Sebby eyed him. “It’s disorienting, waking up in a strange place. You don’t remember where you are . . . who you’re with . . .”
“Sebastián. See? I remember.” Todd lay back and threw an arm over his eyes.
“Shh, Todd, for a moment you thought I was him. It’s all right. It’s natural.It doesn’t hurt my feelings.” A hand brushed his arm where it lay across his eyes, a tentative touch. Todd didn’t move, and the hand commenced to stroke his arm. “Now, if you refuse to drink my coffee, that will hurt my feelings; if you grab your clothes and take off in your truck, that will hurt my feelings, but it won’t hurt my feelings if you need to cry a little.”

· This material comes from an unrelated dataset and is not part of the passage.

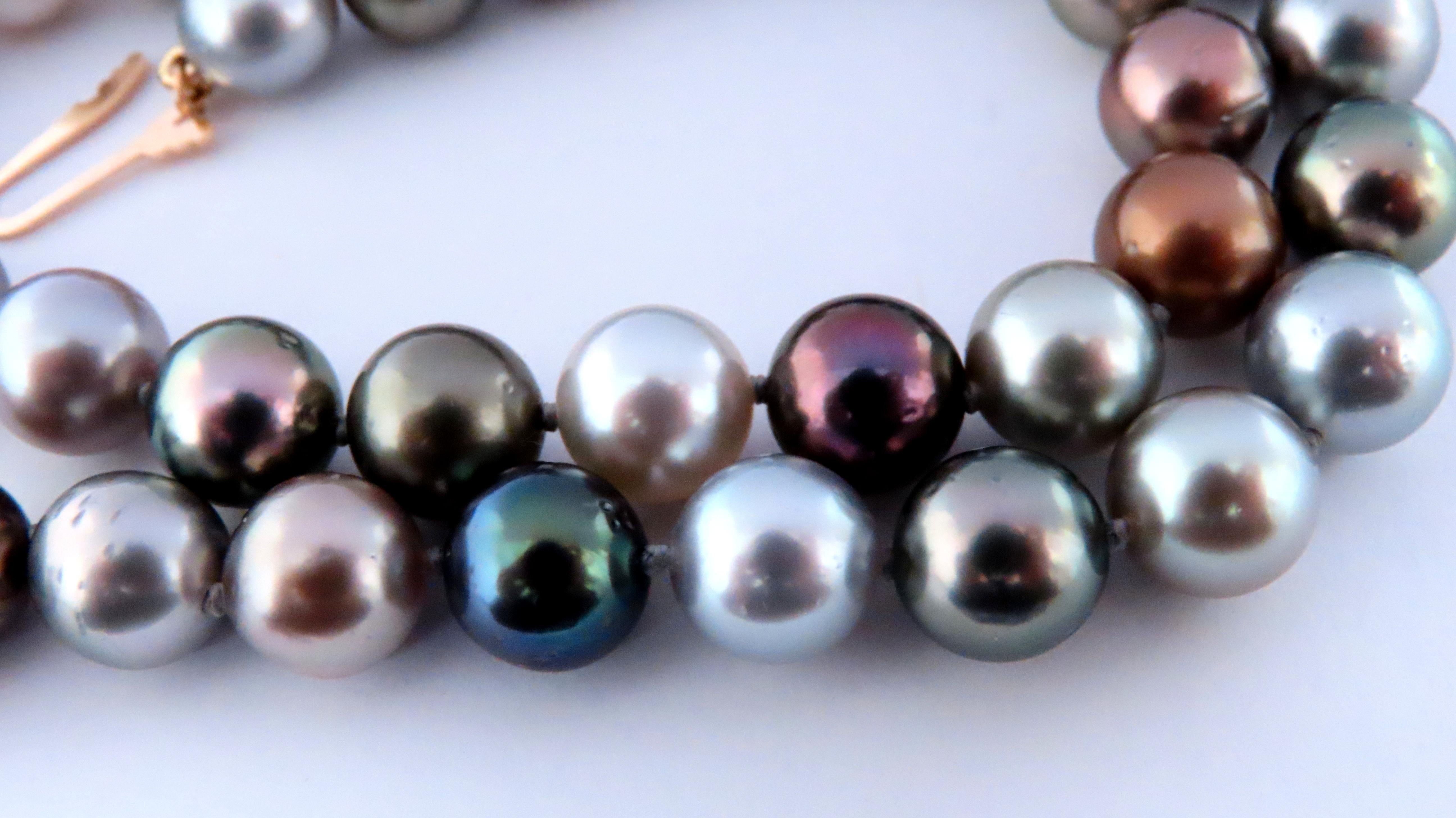 Empire Natural Saltwater Tahitian Pearl Necklace GIA Certified Pinctada No Treat 12641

Todd fisted his eyes. “Sebby . . . oh, Sebby, I’m sorry. I am not a fun date.”
“Toddfox, how can you say that? You just need coffee. Wake up and remember how much fun you were.” Sebby’s fingers moved down Todd’s arm to his chest and traced idle patterns. “Guess what I’m writing.”
“Ah . . . what?” Todd dropped his fists and moved to sit up.

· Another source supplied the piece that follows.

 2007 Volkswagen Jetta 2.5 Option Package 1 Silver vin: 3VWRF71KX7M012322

Sebby pushed him down. “Don’t look! Guess what I’m writing.” His finger continued moving on Todd’s chest.
“You’re writing something?” He tucked his chin and tried to see.
“No! Cover your eyes again.” Sebby reached and put his other hand over Todd’s eyes. “You’re supposed to try and feel what I’m writing.”

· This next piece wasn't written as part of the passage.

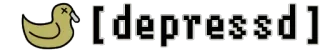 😢 a103d9b9 [depresstd] 鸭子, 沮丧, 伤心, 卡通, 贴纸 whatsapp sticker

Todd put his hands over Sebby’s hand. “Ah . . . is it my name?”
“Score one for Todd. Erase erase erase.” He rubbed his hand briskly over Todd’s chest. “Now, guess again.” He resumed writing.
“It . . . has an O . . . ‘Fox’?”
“Good! Erase erase erase.”
“You’re making this too easy.”
“Always wanting a challenge, no?” Sebby’s finger moved quickly.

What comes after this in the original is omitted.